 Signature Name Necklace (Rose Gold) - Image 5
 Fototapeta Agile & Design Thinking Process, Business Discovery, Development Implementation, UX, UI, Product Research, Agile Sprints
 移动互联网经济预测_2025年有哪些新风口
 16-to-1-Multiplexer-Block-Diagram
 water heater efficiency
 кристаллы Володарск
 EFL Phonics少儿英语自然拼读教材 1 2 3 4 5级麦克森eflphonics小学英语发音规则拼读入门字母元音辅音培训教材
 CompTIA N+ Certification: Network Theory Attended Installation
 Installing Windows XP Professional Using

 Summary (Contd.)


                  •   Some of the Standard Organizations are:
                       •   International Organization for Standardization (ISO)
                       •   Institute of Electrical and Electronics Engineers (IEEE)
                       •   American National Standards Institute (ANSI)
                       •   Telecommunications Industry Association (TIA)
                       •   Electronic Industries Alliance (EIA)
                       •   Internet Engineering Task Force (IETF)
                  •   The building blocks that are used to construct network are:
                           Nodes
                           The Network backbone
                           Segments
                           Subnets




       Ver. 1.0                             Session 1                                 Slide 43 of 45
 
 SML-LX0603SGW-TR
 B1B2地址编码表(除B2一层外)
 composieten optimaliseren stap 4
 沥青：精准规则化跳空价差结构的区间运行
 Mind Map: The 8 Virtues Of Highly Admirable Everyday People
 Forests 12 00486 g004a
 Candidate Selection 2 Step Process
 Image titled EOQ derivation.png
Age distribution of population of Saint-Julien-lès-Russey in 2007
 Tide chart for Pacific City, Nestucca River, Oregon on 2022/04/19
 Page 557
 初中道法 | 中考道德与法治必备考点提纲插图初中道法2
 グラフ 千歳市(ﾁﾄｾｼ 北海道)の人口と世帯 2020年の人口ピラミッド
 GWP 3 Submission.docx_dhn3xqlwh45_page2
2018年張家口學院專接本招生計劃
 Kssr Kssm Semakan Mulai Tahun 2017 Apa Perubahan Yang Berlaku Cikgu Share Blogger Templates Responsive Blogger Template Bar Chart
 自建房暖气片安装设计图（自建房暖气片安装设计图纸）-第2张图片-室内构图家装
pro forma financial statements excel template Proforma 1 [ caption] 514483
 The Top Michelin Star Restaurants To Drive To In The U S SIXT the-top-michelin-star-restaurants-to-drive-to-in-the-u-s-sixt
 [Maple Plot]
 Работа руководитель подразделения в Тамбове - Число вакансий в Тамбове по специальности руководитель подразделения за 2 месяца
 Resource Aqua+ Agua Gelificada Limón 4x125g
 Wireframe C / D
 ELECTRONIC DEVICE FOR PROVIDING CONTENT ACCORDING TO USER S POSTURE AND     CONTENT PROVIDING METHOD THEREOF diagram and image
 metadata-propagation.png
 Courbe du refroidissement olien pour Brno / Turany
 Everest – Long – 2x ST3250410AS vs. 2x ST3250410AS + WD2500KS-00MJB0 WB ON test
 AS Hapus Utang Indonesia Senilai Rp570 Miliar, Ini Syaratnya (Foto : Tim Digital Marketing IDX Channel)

────

Write down exactly the span of lines above from the one containing "The Network backbone" to the one containing "Courbe du refroidissement", both ends included.

                           The Network backbone
                           Segments
                           Subnets




       Ver. 1.0                             Session 1                                 Slide 43 of 45
 
 SML-LX0603SGW-TR
 B1B2地址编码表(除B2一层外)
 composieten optimaliseren stap 4
 沥青：精准规则化跳空价差结构的区间运行
 Mind Map: The 8 Virtues Of Highly Admirable Everyday People
 Forests 12 00486 g004a
 Candidate Selection 2 Step Process
 Image titled EOQ derivation.png
Age distribution of population of Saint-Julien-lès-Russey in 2007
 Tide chart for Pacific City, Nestucca River, Oregon on 2022/04/19
 Page 557
 初中道法 | 中考道德与法治必备考点提纲插图初中道法2
 グラフ 千歳市(ﾁﾄｾｼ 北海道)の人口と世帯 2020年の人口ピラミッド
 GWP 3 Submission.docx_dhn3xqlwh45_page2
2018年張家口學院專接本招生計劃
 Kssr Kssm Semakan Mulai Tahun 2017 Apa Perubahan Yang Berlaku Cikgu Share Blogger Templates Responsive Blogger Template Bar Chart
 自建房暖气片安装设计图（自建房暖气片安装设计图纸）-第2张图片-室内构图家装
pro forma financial statements excel template Proforma 1 [ caption] 514483
 The Top Michelin Star Restaurants To Drive To In The U S SIXT the-top-michelin-star-restaurants-to-drive-to-in-the-u-s-sixt
 [Maple Plot]
 Работа руководитель подразделения в Тамбове - Число вакансий в Тамбове по специальности руководитель подразделения за 2 месяца
 Resource Aqua+ Agua Gelificada Limón 4x125g
 Wireframe C / D
 ELECTRONIC DEVICE FOR PROVIDING CONTENT ACCORDING TO USER S POSTURE AND     CONTENT PROVIDING METHOD THEREOF diagram and image
 metadata-propagation.png
 Courbe du refroidissement olien pour Brno / Turany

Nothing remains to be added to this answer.